** PROBLEM DESCRIPTION **
Begin with the line containing "GL6 6AD map", end with the last line of the records, and retype everything in between exactly, without the pictures.

BEGIN

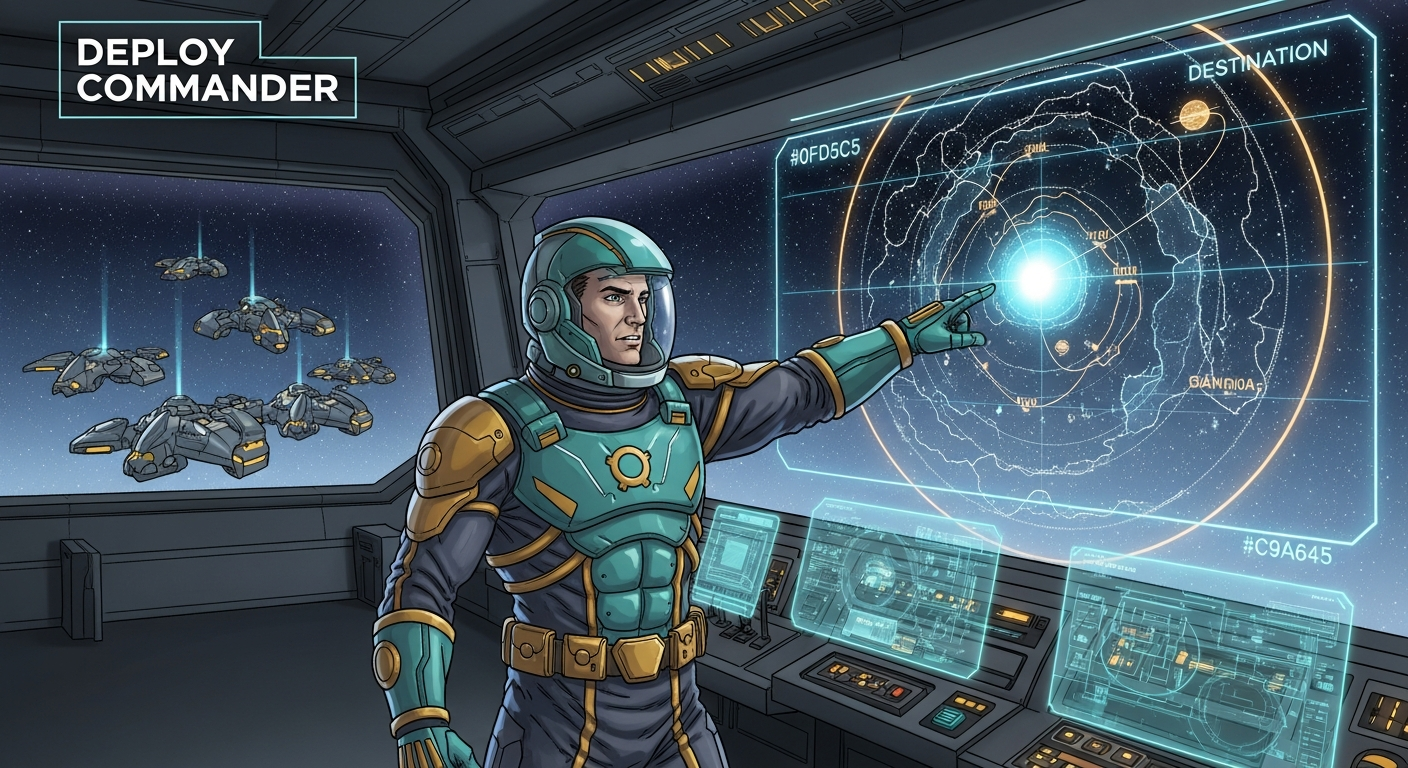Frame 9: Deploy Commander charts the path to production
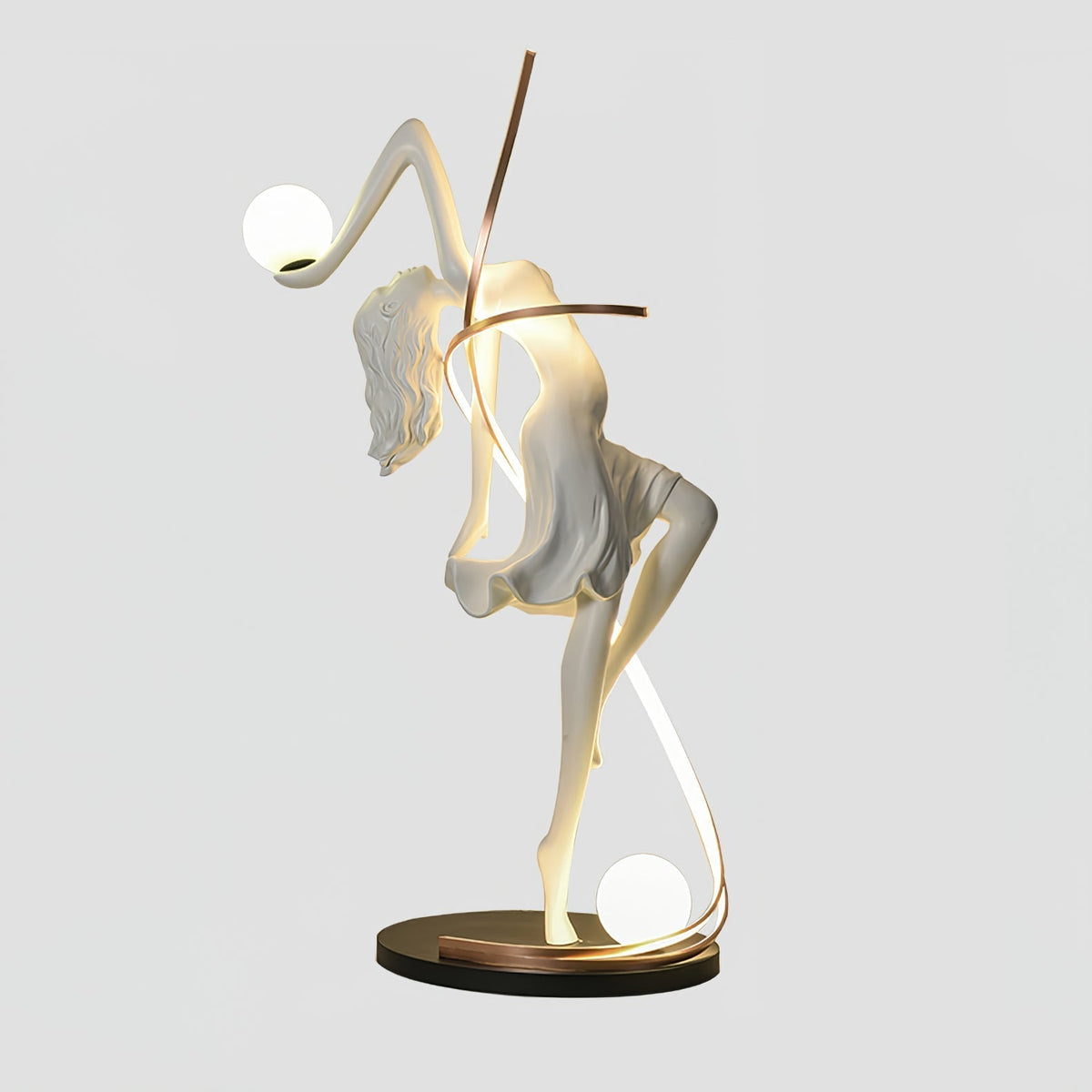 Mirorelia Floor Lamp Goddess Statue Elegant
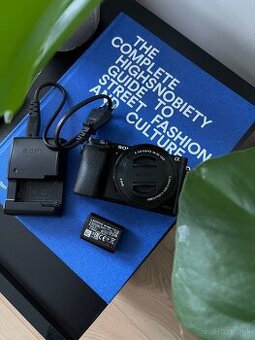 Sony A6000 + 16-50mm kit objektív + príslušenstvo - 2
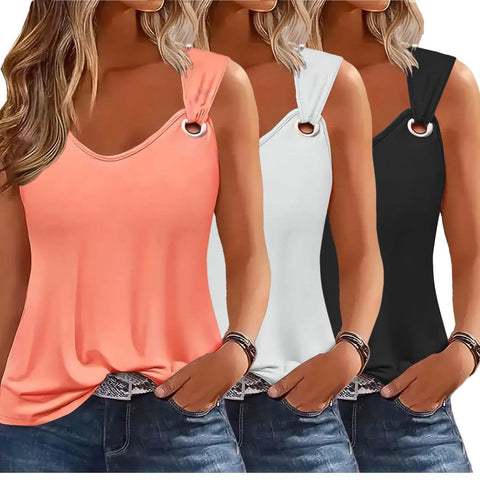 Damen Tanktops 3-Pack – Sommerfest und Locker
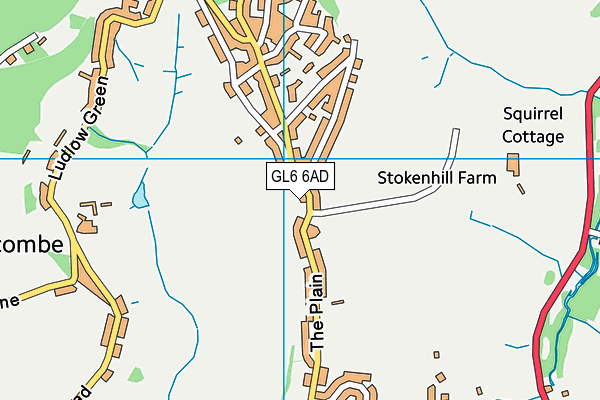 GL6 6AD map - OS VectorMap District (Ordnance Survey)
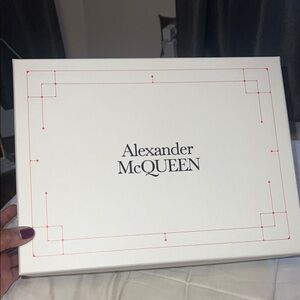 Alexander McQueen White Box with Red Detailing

END

** TASK SOLUTION **
 GL6 6AD map - OS VectorMap District (Ordnance Survey)
 Alexander McQueen White Box with Red Detailing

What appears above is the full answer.